Oscillation Problem: Find Period and Potential Energy

[Misheel]

Homework Statement

mass "m" object is located near the origin of the coordinate system. External force was exerted on the object depending on the coordinate by the formula of Fx=-4*sin(3*pi*x).

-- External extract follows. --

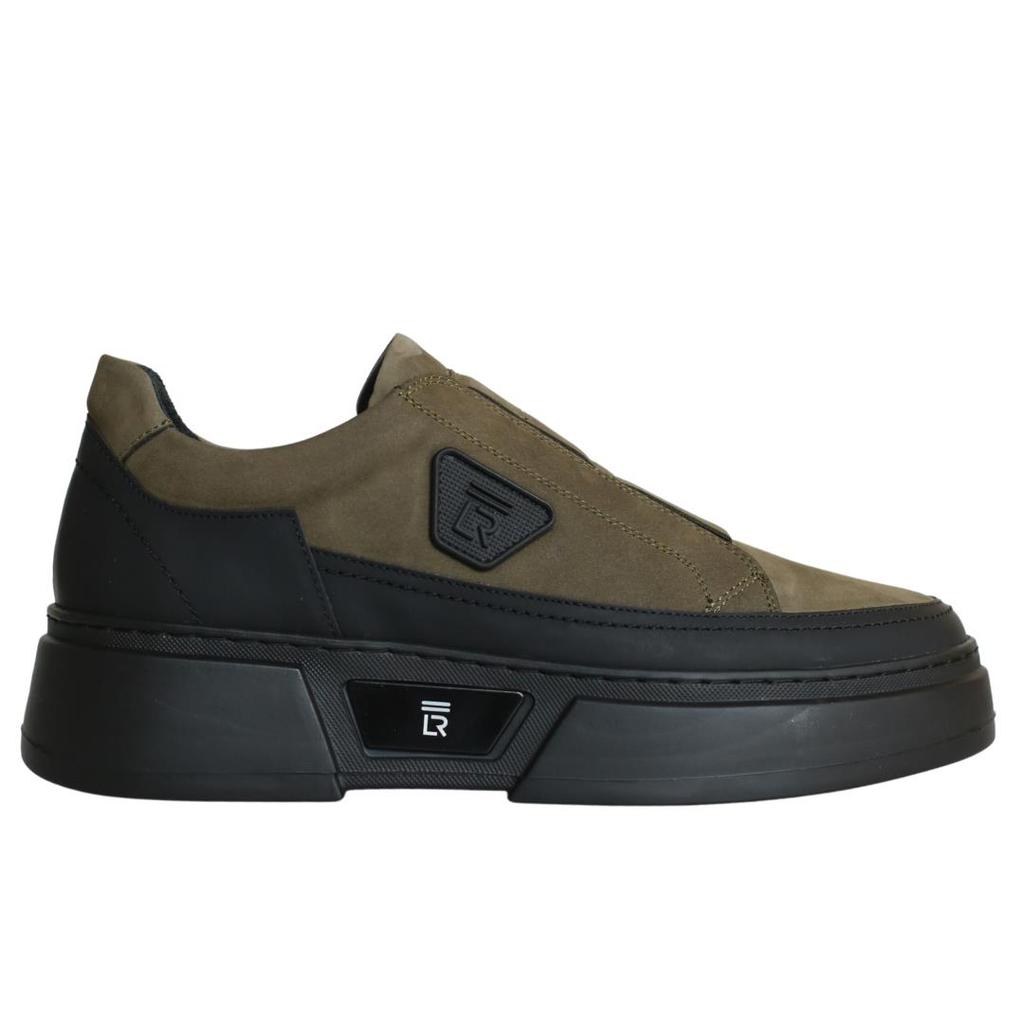 Мужская спортивная обувь из натуральной кожи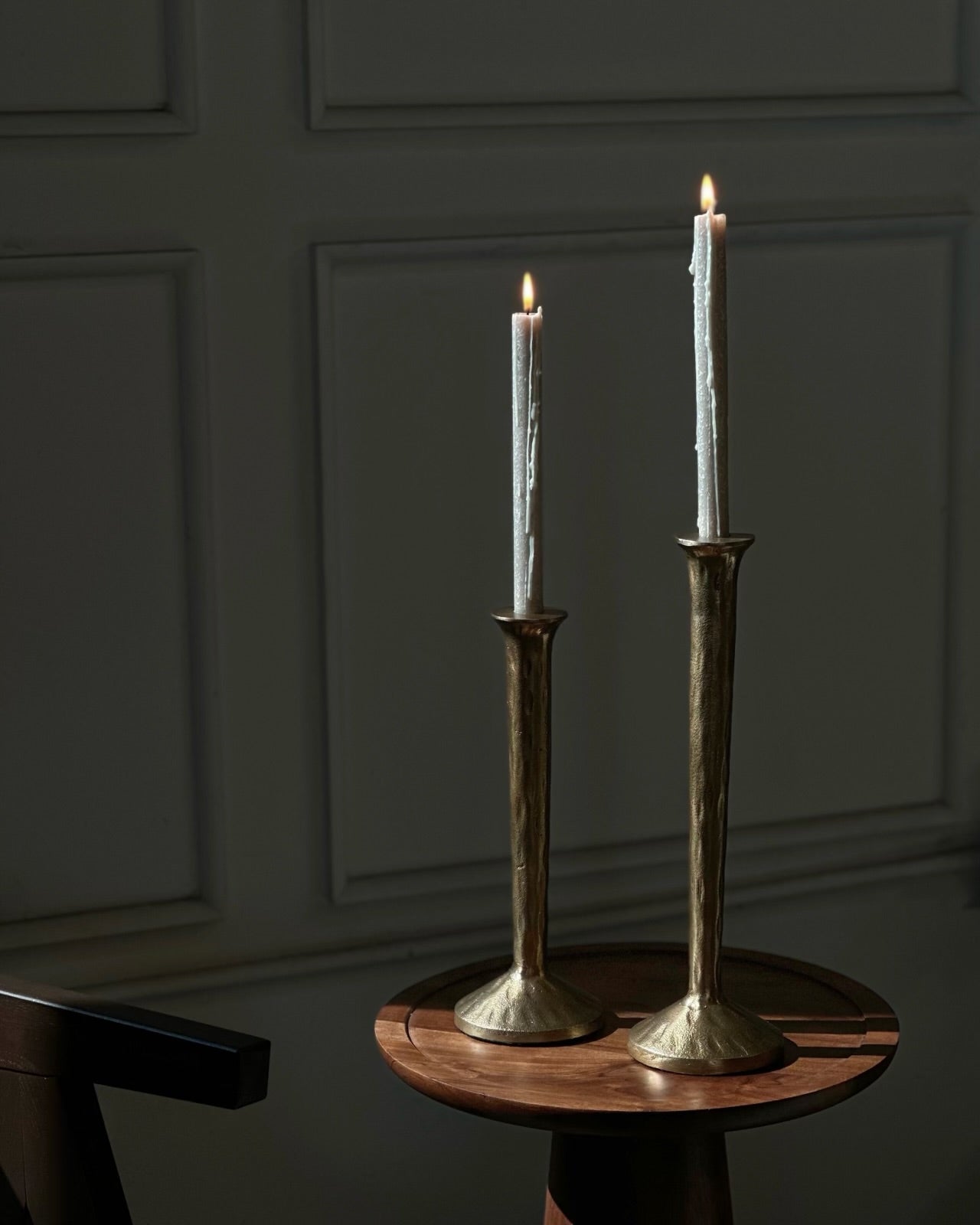 Madrid Vintage Candle Holders (Set of 2) - Belaré Home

Find the short oscillation period, and the potential energy depending on the coordinate.

Homework Equations

F=ma

The Attempt at a Solution

I am not really sure what is the short oscillation period... but
since there is only 1 force:
F=Fx=ma
-4sin(3*pi*x)=m*(d^2*x)/dt^2

and assuming that the object will move very little (because it's said to be SHORT osccilation period ?)
sin(3*pi*x) is approximately 3*pi*x .
and since
-ω²*x=(d^2*x)/dt^2 is the formula of the harmonic oscillation :
we find ω=12*pi/m
and the T=2*pi*√(m/(12*pi)) ?

and also assuming that in SHORT oscillation :
it is almost like a spring :
F=-12*pi*x=-kx
k=12*pi

potential energy is Ep= k*x^2/2=6*pi*x^2 ?

 

[vela]

Homework Statement

mass "m" object is located near the origin of the coordinate system. External force was exerted on the object depending on the coordinate by the formula of Fx=-4*sin(3*pi*x). Find the short oscillation period, and the potential energy depending on the coordinate.

Homework Equations

F=ma

The Attempt at a Solution

I am not really sure what is the short oscillation period... but
since there is only 1 force:
F=Fx=ma
-4sin(3*pi*x)=m*(d^2*x)/dt^2

and assuming that the object will move very little (because it's said to be SHORT osccilation period ?)
sin(3*pi*x) is approximately 3*pi*x .
and since
-ω²*x=(d^2*x)/dt^2 is the formula of the harmonic oscillation :
we find ω=12*pi/m
and the T=2*pi*√(m/(12*pi)) ?

This is fine.

and also assuming that in SHORT oscillation :
it is almost like a spring :
F=-12*pi*x=-kx
k=12*pi

potential energy is Ep= k*x^2/2=6*pi*x^2 ?

I think the problem is looking for the potential corresponding to the original force, not the approximation.

 

[Misheel]

Thank You for your reply, Vela

umm...then, i have no other ideas other than using FORCE to solve this problem :PP which is :
F=-kx
Fx=F=-4*sin(3*pi*x)=-kx from this
we find k=4*sin(3*pi*x)/x
so Ep=kx^2/2=2*sin(3*pi*x)*x ?

is it right ? :P

Thanks

 

[vela]

How are potential energy and force related in general?

 

[Misheel]

How are potential energy and force related in general?

Maybe the work done by force is divided into object's konetik and potential energy ?